### Problem requirements:
In the records that follow, how many lines contain the word "Black"? Give only that figure.

### Source material:
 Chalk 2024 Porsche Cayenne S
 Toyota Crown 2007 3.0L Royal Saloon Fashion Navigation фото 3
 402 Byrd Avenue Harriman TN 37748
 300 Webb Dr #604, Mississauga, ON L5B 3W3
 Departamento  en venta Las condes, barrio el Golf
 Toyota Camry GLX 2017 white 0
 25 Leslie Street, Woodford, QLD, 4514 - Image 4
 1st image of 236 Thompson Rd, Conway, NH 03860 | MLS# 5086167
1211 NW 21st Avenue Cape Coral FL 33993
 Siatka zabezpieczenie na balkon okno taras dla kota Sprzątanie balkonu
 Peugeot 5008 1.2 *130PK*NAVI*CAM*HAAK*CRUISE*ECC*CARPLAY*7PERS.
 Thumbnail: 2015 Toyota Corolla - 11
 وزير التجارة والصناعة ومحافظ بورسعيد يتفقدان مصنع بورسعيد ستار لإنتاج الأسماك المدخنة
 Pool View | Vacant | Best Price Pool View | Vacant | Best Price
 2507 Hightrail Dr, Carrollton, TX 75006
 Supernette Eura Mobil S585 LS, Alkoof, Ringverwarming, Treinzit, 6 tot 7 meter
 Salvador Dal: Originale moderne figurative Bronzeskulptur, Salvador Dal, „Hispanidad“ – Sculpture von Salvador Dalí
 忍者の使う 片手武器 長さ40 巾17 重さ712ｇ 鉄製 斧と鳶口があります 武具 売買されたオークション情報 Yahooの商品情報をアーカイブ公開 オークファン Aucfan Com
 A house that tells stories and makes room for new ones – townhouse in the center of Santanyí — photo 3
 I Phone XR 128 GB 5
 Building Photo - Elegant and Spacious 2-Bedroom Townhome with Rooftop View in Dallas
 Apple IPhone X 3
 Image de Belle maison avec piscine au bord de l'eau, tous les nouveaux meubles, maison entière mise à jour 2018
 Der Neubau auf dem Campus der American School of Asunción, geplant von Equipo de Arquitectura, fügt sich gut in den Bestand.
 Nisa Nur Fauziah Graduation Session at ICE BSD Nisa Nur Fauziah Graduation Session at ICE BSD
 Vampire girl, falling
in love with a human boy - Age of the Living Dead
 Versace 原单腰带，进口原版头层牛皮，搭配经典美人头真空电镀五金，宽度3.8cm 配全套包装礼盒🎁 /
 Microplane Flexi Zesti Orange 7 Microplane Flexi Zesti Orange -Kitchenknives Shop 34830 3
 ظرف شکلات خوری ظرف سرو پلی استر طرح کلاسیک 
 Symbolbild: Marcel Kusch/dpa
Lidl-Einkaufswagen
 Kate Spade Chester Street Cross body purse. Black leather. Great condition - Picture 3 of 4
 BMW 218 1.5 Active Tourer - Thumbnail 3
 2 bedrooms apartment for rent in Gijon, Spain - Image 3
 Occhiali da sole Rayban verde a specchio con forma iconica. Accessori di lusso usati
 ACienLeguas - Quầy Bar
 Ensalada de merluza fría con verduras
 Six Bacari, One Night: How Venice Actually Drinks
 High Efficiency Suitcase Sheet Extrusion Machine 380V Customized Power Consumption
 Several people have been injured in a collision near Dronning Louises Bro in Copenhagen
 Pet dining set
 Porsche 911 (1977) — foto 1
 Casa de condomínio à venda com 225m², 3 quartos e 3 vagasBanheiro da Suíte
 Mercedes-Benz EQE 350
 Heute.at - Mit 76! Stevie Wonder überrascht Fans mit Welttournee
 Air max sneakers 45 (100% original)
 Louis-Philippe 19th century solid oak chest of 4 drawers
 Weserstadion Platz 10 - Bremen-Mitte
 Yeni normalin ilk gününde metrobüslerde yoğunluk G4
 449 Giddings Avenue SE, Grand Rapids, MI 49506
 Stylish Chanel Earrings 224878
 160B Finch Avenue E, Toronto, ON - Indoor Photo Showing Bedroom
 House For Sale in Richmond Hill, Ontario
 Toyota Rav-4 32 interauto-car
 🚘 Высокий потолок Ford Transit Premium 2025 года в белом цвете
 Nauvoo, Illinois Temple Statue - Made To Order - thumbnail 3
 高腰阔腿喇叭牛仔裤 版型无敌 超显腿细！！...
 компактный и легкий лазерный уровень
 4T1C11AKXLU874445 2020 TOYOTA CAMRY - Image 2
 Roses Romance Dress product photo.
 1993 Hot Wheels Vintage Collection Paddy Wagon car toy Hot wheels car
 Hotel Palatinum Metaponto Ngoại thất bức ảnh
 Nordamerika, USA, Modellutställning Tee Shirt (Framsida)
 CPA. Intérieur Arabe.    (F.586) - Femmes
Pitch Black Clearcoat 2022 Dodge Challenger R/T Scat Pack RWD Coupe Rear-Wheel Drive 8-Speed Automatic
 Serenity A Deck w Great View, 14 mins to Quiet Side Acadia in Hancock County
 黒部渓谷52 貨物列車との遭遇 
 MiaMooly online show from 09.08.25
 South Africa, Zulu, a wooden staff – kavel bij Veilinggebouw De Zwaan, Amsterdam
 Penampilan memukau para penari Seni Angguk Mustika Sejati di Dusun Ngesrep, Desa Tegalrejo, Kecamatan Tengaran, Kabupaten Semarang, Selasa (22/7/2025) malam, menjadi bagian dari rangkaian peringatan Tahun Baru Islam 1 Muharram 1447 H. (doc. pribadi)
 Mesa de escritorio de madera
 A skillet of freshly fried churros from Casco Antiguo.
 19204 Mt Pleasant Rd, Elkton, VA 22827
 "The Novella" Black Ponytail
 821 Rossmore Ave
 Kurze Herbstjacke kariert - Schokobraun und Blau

### Reply to the task:
3